● WHAT THIS TASK INVOLVES
Starting at the line that contains "Mid-Century GIA 1.52ct", write out each line through the end of the data below, exactly as it stands. Skip any pictures.

● DATA LISTING
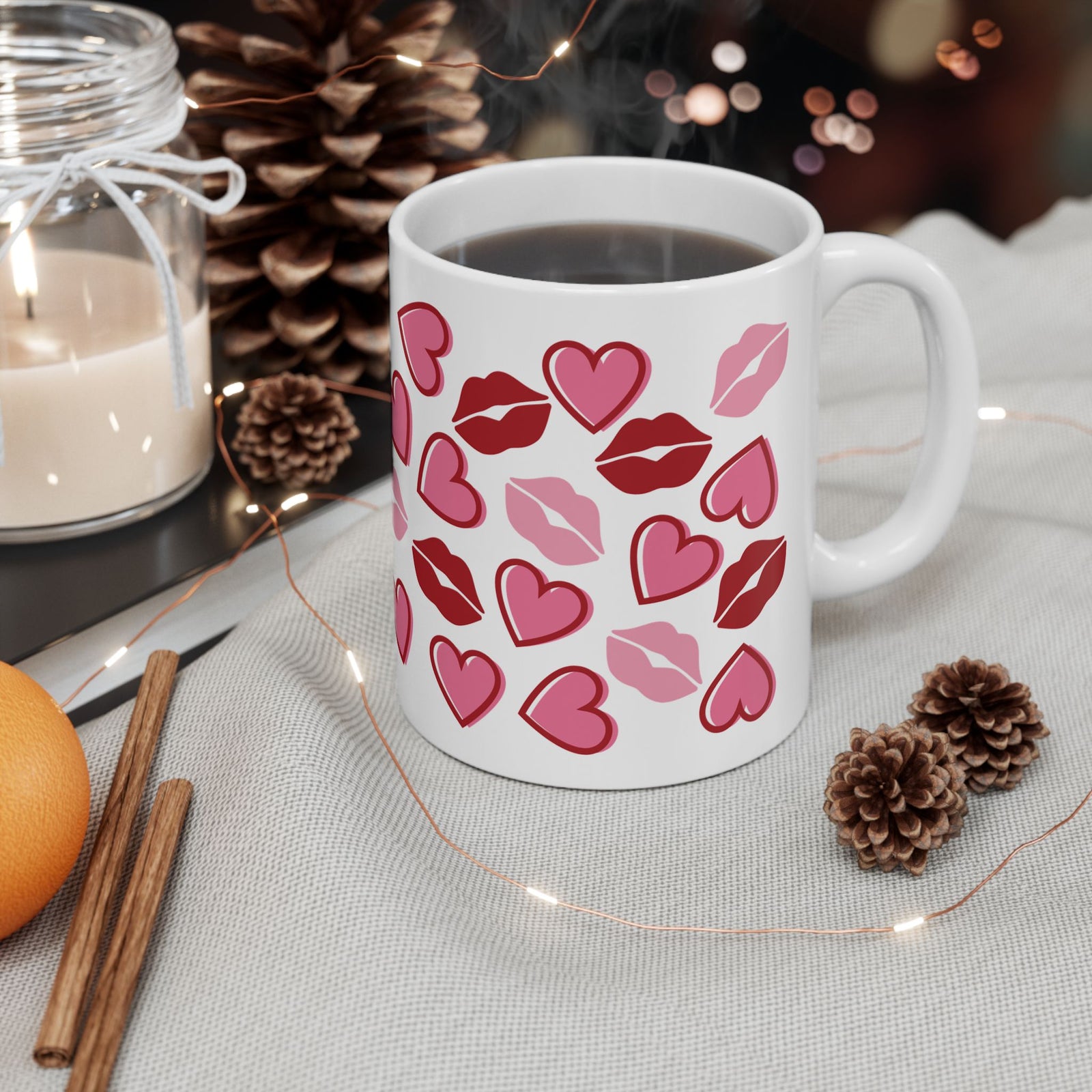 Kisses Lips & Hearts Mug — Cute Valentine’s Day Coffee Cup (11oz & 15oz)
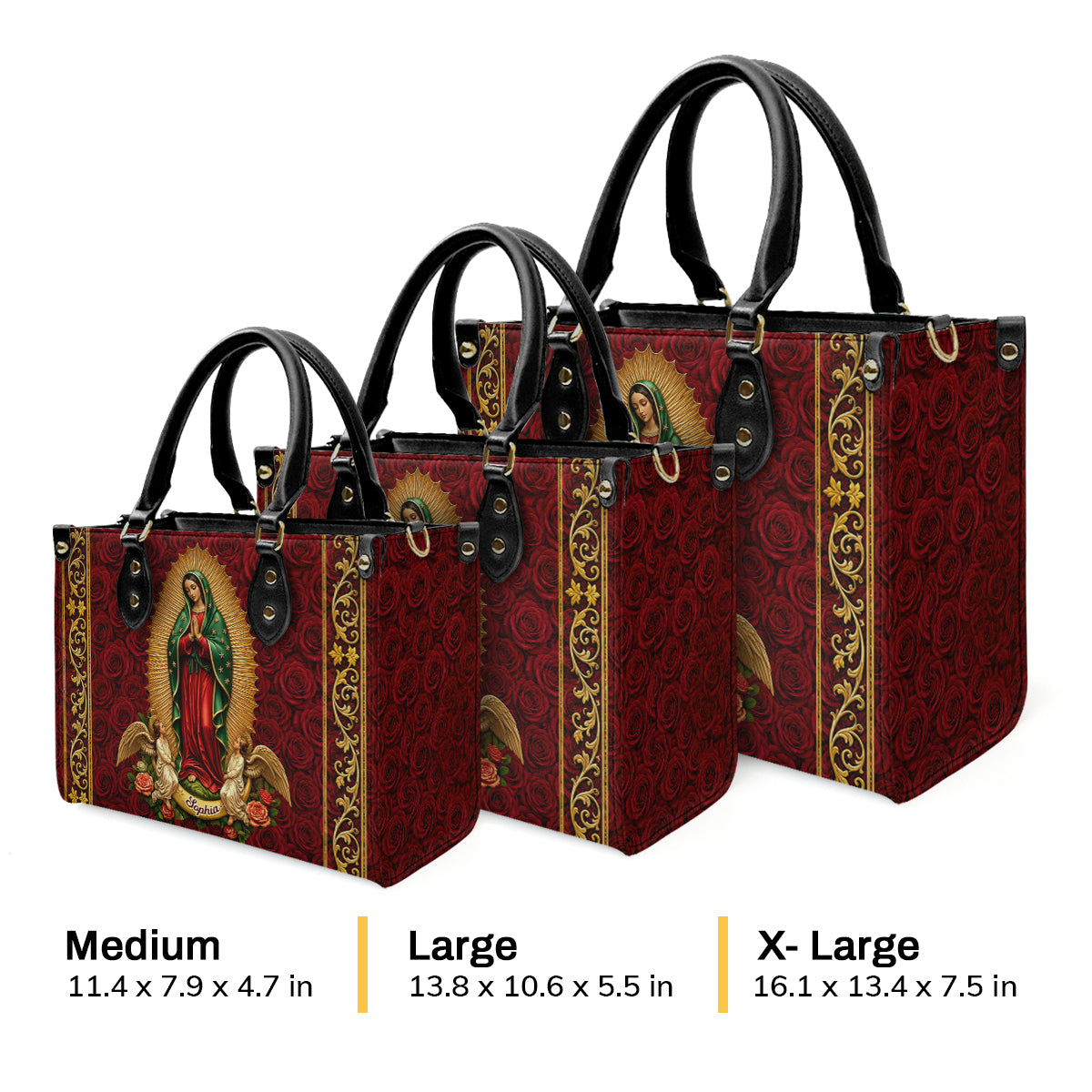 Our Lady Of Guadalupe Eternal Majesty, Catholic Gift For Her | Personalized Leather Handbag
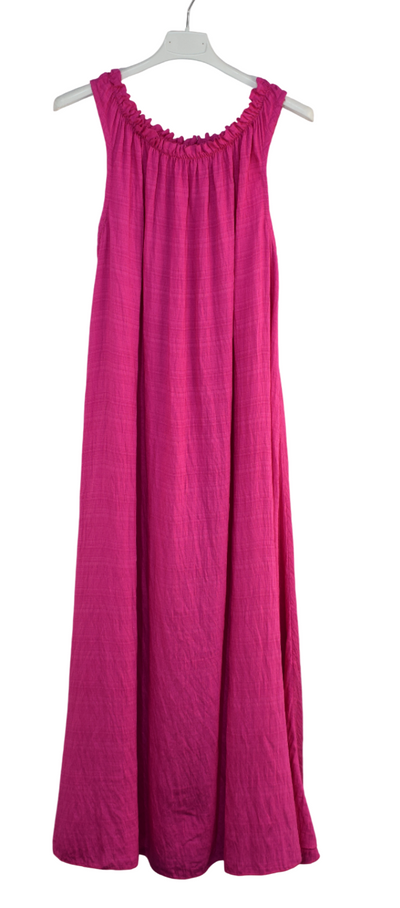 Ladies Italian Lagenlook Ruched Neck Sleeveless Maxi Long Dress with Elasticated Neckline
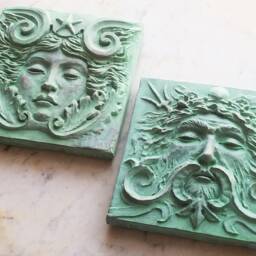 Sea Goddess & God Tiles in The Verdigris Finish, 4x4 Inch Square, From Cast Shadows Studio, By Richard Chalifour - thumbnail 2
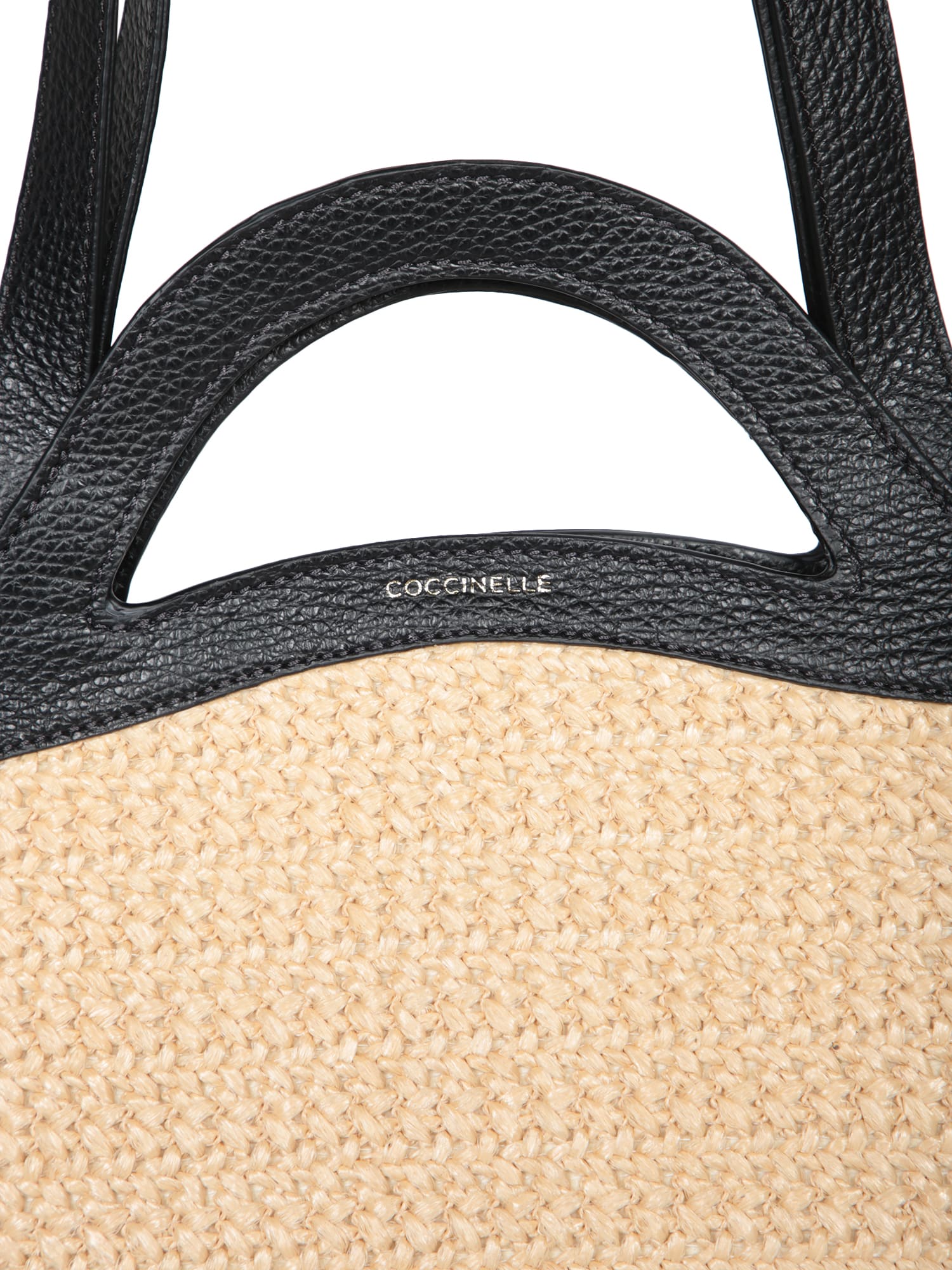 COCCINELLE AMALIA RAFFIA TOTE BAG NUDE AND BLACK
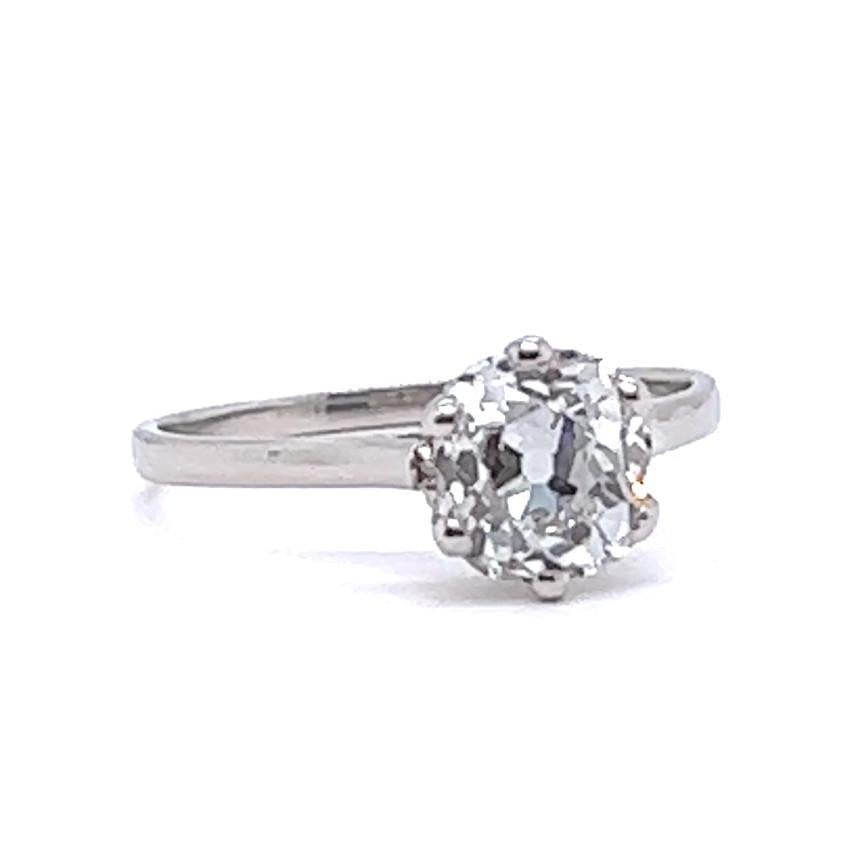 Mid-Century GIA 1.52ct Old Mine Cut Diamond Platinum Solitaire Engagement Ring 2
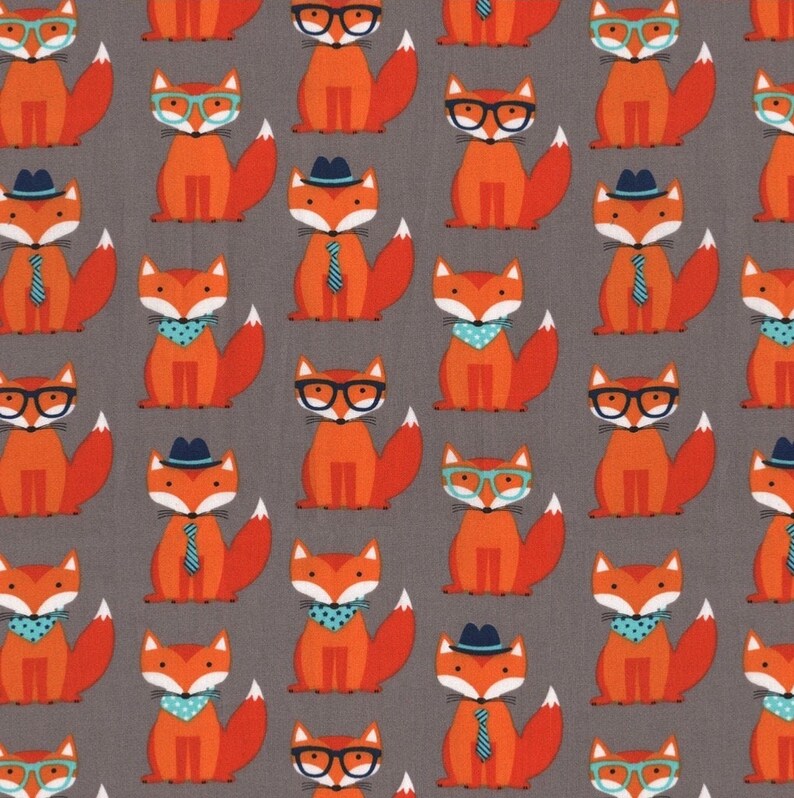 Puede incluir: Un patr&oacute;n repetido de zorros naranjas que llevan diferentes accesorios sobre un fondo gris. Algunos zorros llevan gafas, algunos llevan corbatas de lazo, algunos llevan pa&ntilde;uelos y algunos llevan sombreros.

● ANSWER FOR THE TASK
 Mid-Century GIA 1.52ct Old Mine Cut Diamond Platinum Solitaire Engagement Ring 2
 Puede incluir: Un patr&oacute;n repetido de zorros naranjas que llevan diferentes accesorios sobre un fondo gris. Algunos zorros llevan gafas, algunos llevan corbatas de lazo, algunos llevan pa&ntilde;uelos y algunos llevan sombreros.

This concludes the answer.